Early life and family
Berman grew up in the Bronx borough of New York City. His father ran gas stations and car washes. Berman did general labor at these businesses on weekends and summers while  growing up. He attended Transylvania University in Kentucky. After graduating from college in 1964, Berman went on to William and Mary School of Law and was class of 1967. His late son was Silver Jews musician David Berman, who died by suicide on August 7, 2019 at age 52. The two had been estranged due to David's strong disapproval of his father's work.

Career
After law school, Berman worked as a labor law attorney for Bethlehem Steel, and from 1969 to 1972 he served as a corporate lawyer for Dana, an automotive parts company in Toledo, Ohio. From 1972 to 1974 he was employed as labor law director of the U.S. Chamber of Commerce in Washington, D.C.

He moved into the food and beverage industry in 1975 under the mentorship of Norman Brinker, founder and owner of the Steak & Ale chain of restaurants. Berman started a government affairs program, launched his first PAC for Brinker, and worked there until 1984. He served as executive vice president of Pillsbury Restaurant Group from 1984 to 1986. In 1986, he formed Berman and Company. In 1991, he created the Employment Policies Institute to research entry-level work issues and argue "the importance of minimum wage jobs for the poor and uneducated." In practice, this translated to opposing minimum wage hikes on the theory that they would reduce employment.

In the 1990s, Berman was the president of Beverage Retailers Against Drunk Driving (BRADD), an organization formed to combat Mothers Against Drunk Driving. As president, he argued for "tolerance of social drinking." He has also worked as a consultant for the Minimum Wage Coalition to Save Jobs.
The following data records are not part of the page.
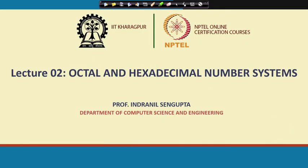Welcome back. In this lecture we shall be mainly talking about something called octal and hexadecimal number systems. But first let us try to understand the motivation — why do we need this?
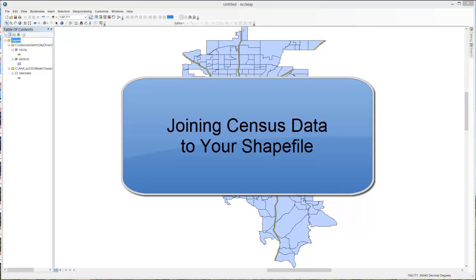In this video I want to show you how we can join our census data that we downloaded to our census tract shapefile in GIS.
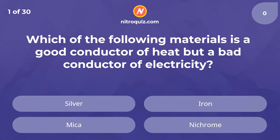Which of the following materials is a good conductor of heat but a bad conductor of electricity? The answer is mica.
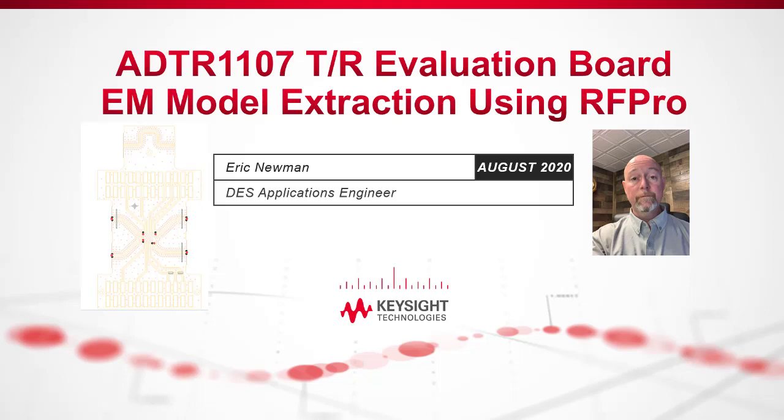Hello, my name is Eric Neumann. I'm an applications engineer in Keysight's design and engineering software sales organization. Today, I'm going to share a brief video showing you how we can use the new features in ADS 2021, particularly the new features associated with our RFPro EM simulation tool, to quickly extract an EM model of an analog device's evaluation board, the ADTR-1107.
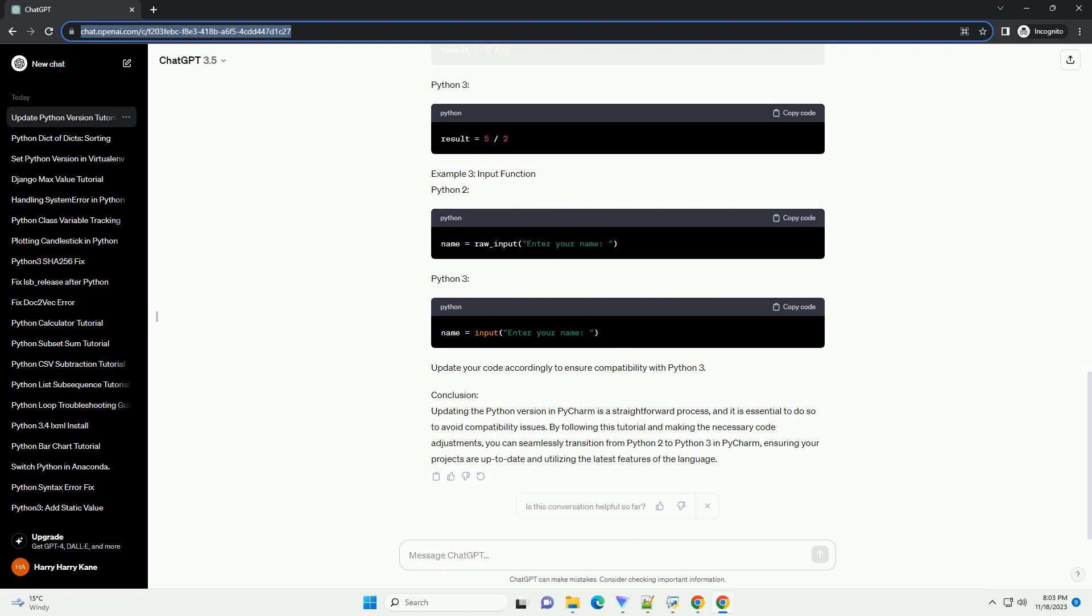Step 4: Choose the correct Python interpreter. In the Project Interpreter section, you will see a list of installed interpreters for your project. Ensure that the interpreter corresponds to the Python 3 version you want to use. If the correct interpreter is not listed, click on the gear icon and select Add to add a new interpreter.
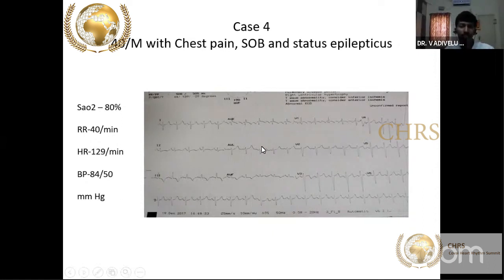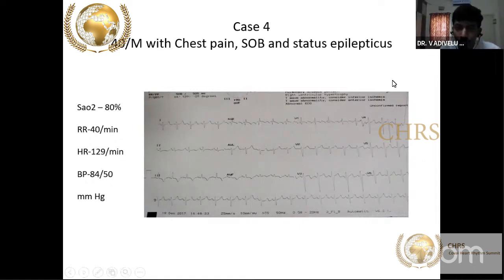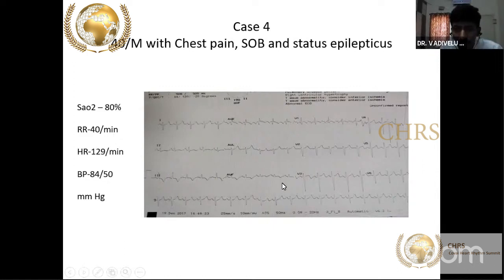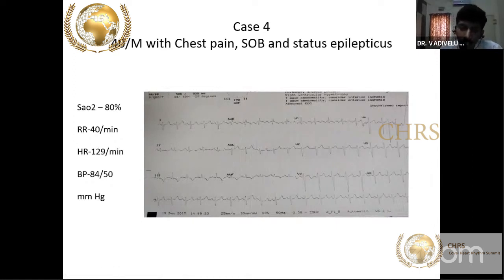The classical S1Q3T3 pattern: S wave in lead I, Q wave and T wave inversion in lead III, along with sinus tachycardia and right heart strain. In V1, R by S ratio greater than one, with ST segment depression and T wave inversion, indicates right ventricular strain. From this pattern alone, diagnose acute massive PE. This patient arrested before CT pulmonary angiogram could be done.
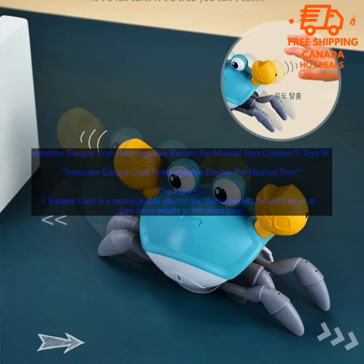The crab will move away from you and make sounds. To stop the crab, slide the switch to the off position. Here are some safety tips for using the Induction Escape Crab.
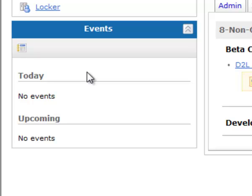So use it as a tool to help remind you that assignments are due, but don't rely on the events 100% that everything will show up here, because not all of your assignments are going to show up under events.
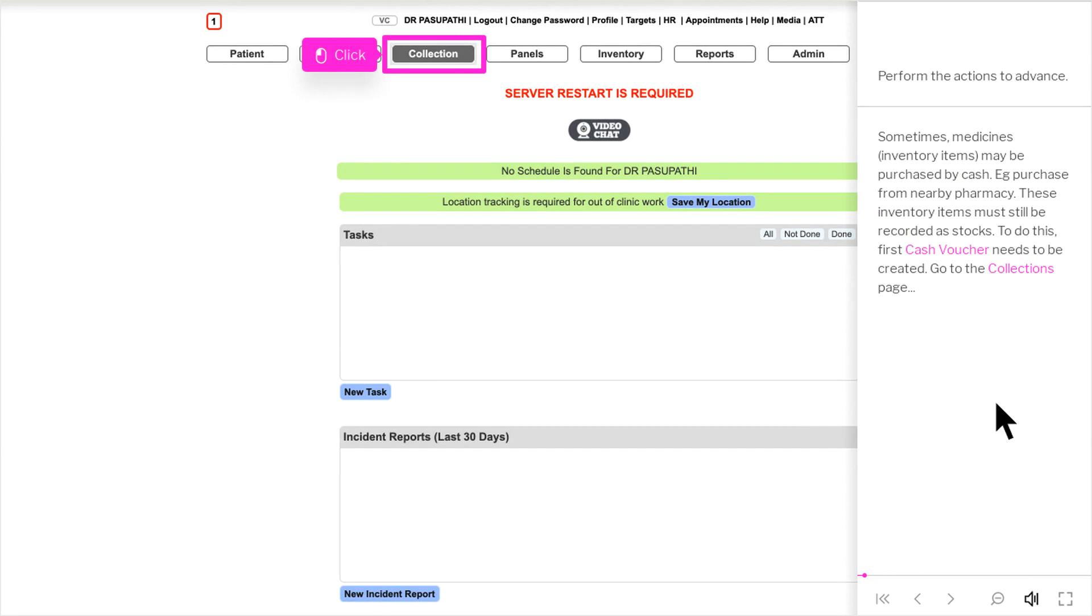Sometimes, medicines may be purchased by cash, for example, purchase from nearby pharmacy. These inventory items must still be recorded as stocks.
In a document released by The New York Times on October 30, 2014, from a talk Berman gave to the Western Energy Alliance, Berman reassured potential donors about the concern that they might be found out as a supporter of one of his organizations: "We run all of this stuff through nonprofit organizations that are insulated from having to disclose donors. There is total anonymity." He also touted his "win ugly" method of personal attacks on labor union leaders, environmentalists, and others who opposed him.

Organizations 
As of May 2009, Berman was the sole owner and executive director of Berman and Company, a for-profit management firm that ran fifteen corporate-funded groups, including the Center for Consumer Freedom. He has held at least sixteen positions within these interlocking organizations. As of 2010, just six of these nonprofits provided as much as 70% of Berman and Company's revenue. Bloomberg News reported that from 2008 to 2010, Berman and Company was paid $15 million from donations to his five nonprofit organizations.
Through these organizations, Berman and Company has received 60 "POLLIE Awards" since 2002 from the American Association of Political Consultants.

Organizations founded and managed by Berman include:

The Center for Organization Research and Education
The Center for Organizational Research and Education (CORE), formerly the Center for Consumer Freedom (CCF) and Guest Choice Network (GCN), is a non-profit advocate for the food industry and was formed in 1995 with funding from tobacco giant Phillip Morris. CORE generally promotes deregulation in the marketplace against what it believes is encroachment by government or scare tactics promulgated by activist groups. CCF also runs the organizations HumaneWatch and PETA Kills Animals, which criticize the practices of HSUS and PETA, respectively. These campaigns run smear campaigns that allege that "The Humane Society of the United States gives less than one percent of the money it raises to local pet shelters", and that "PETA kills 89% of the adoptable dogs and cats in its care. Berman's attacks on animal rights organizations have gained support from many individuals and organizations working in the agriculture and agribusiness sector.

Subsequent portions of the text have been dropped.